Claude Code for Data Analysis: Process 500K Rows Without Writing Code

Contents

Yes, you can point Claude Code at a 541,909-row retail dataset and walk away with a six-sheet Excel workbook, professional charts, and a parameterized report script, without opening a Python file or debugging a single line of code. The complete workflow takes roughly 15 to 20 minutes from raw data to finished output.

The goal is real delegation. Claude handles setup, cleaning, math, and charts. You focus on the right questions to ask.

The 500K-Row Workflow in Practice

VelvetShark documented a complete end-to-end analysis using the UCI Online Retail Dataset . The file holds 541,909 transactions from a UK-based gift retailer, spanning December 2010 to December 2011. It carries every messy trait of real business data: returns mixed with orders, cancellations, negative quantities, ambiguous dates, and roughly 25% of rows missing customer IDs.

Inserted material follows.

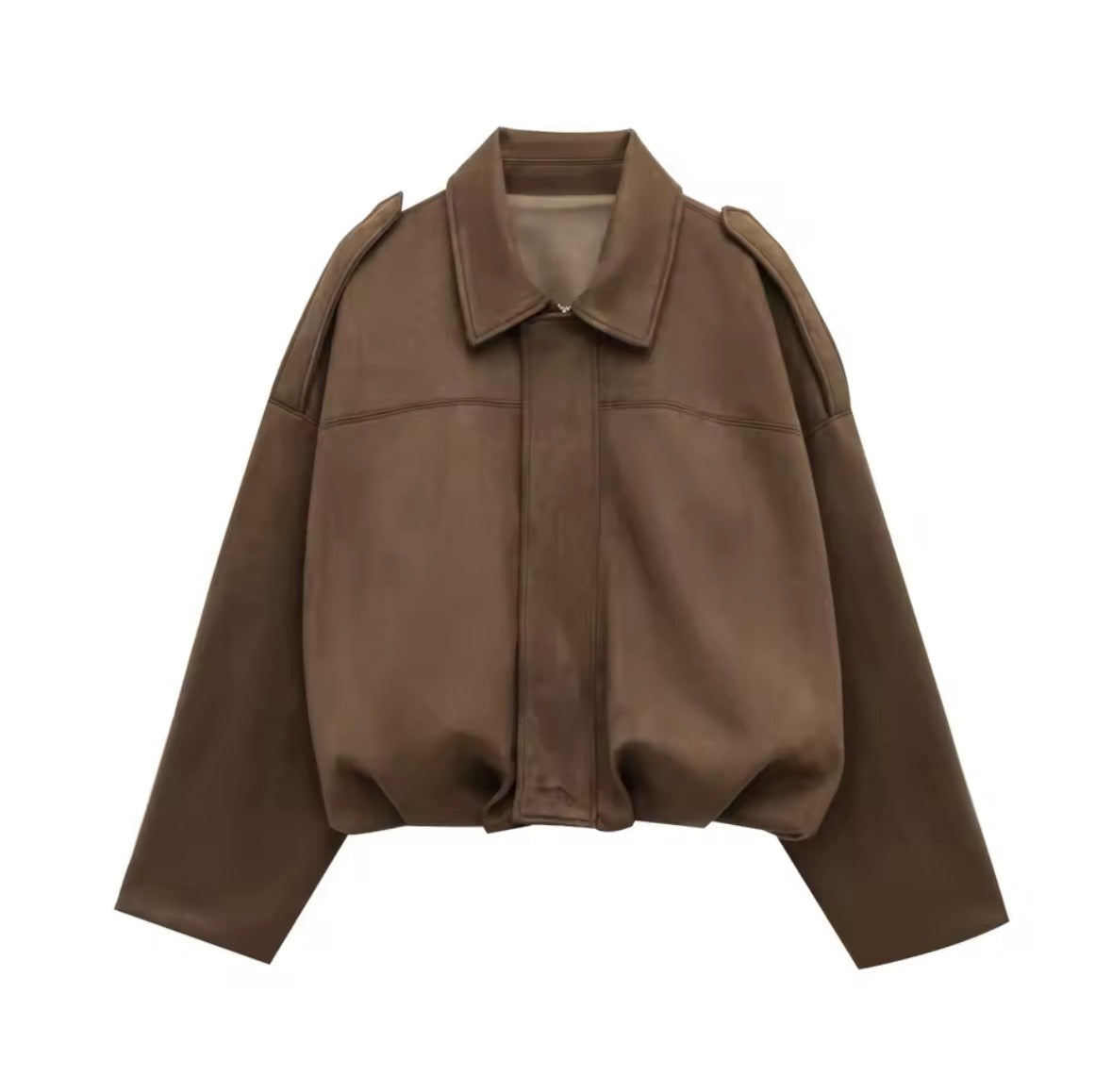 Suede Bomber Jacke - PRE ORDER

The first decision was environment setup. Claude Code used UV , the fast Python package manager, to create a reproducible virtual environment. Then it installed pandas, openpyxl, seaborn, and matplotlib. It also created a CLAUDE.md file documenting the user’s data analysis preferences: packages, chart style, output directory layout. Future sessions inherit the same setup with no re-prompting.

One prompt rule fixes the worst accuracy bug. Never trust a summary that did not come from real code. The pattern looks like this:

Before you answer anything with numbers: write Python code that loads the file with pandas, execute it, and only then summarize findings from the printed outputs. Do not estimate or infer row counts, date ranges, or totals in chat.

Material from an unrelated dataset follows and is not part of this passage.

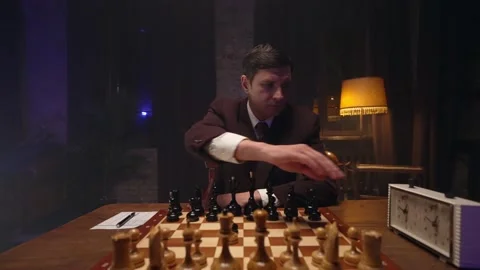 Chess Stock-Footage 153083929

This forces real math, not pattern-matched guesses. If the date range looks wrong, you catch it right away. If the row count is off, that is a parsing bug to fix before any deeper work.

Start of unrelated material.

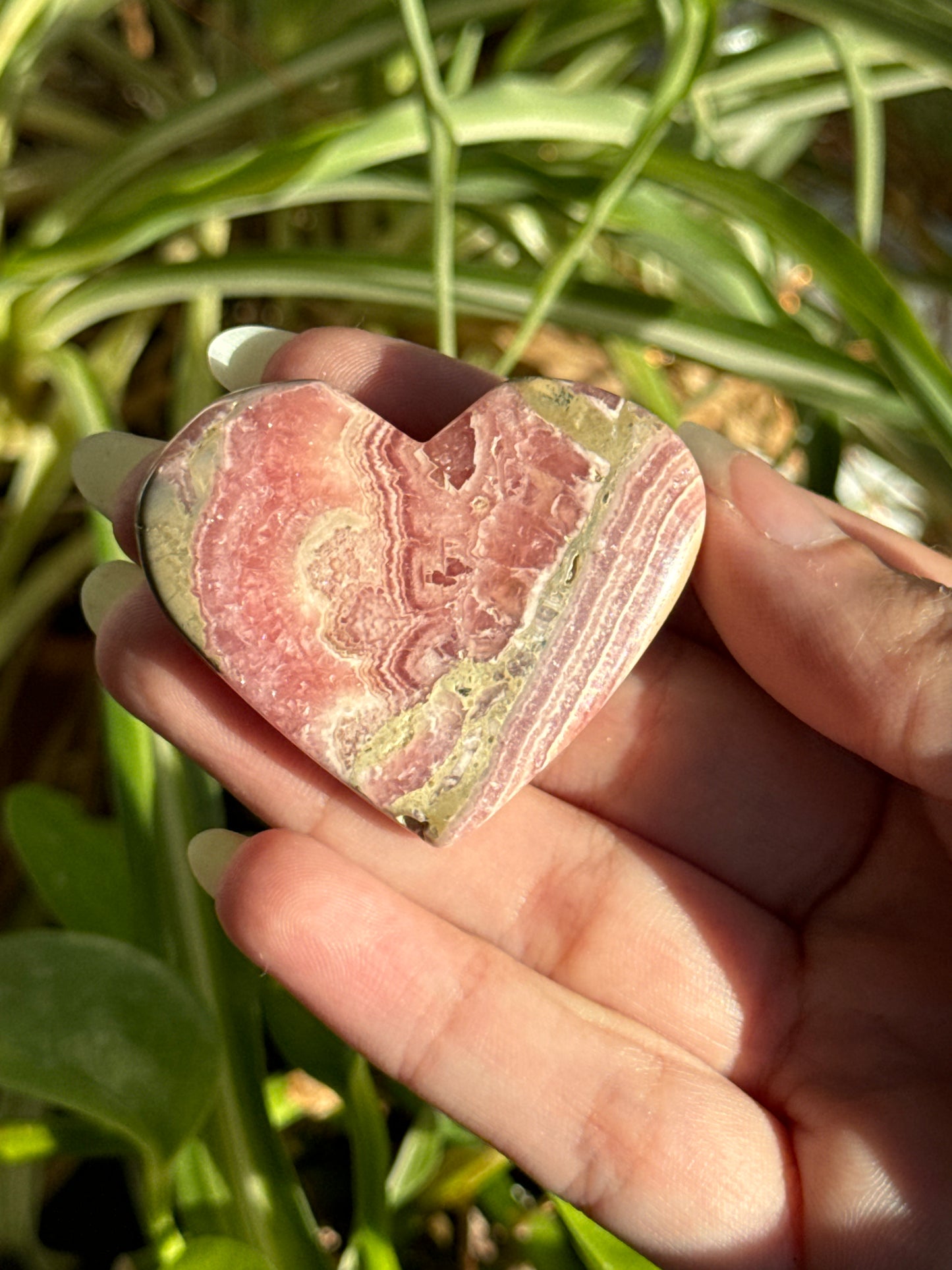 Rhodochrosite Hearts | You Pick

Most guides tell you to drop returns and cancels. VelvetShark kept them all and added new columns instead:

IsCancellation: flags rows where the invoice starts with ‘C’ or quantity is below zero.
LineTotal: quantity times unit price.
GrossLineTotal and ReturnLineTotal: gross and return values split out so you can track each on its own.

Returns are business data. A 40% return rate on one product is a signal worth seeing. Drop those rows and you hide it.

From there, Claude wrote a Python script called retail_report.py. It takes CLI flags: --top_n, --freq, --start_date, and --end_date. Run it once and you get a six-sheet Excel workbook:

Sheet	Contents
KPIs	Gross/net revenue, return rates, transaction counts
Top Products	Ranked by revenue and volume, with return rates
Top Customers	Lifetime value, order frequency
Sales Over Time	Weekly or monthly trend (controlled by `--freq`)
Country Breakdown	Revenue and transaction share by market
QA Reconciliation	Cross-checks comparing revenue calculations by two independent methods

The reconciliation sheet is the key one. It works out net revenue two ways and checks they match to zero. That is how you know the numbers are right, not just plausible.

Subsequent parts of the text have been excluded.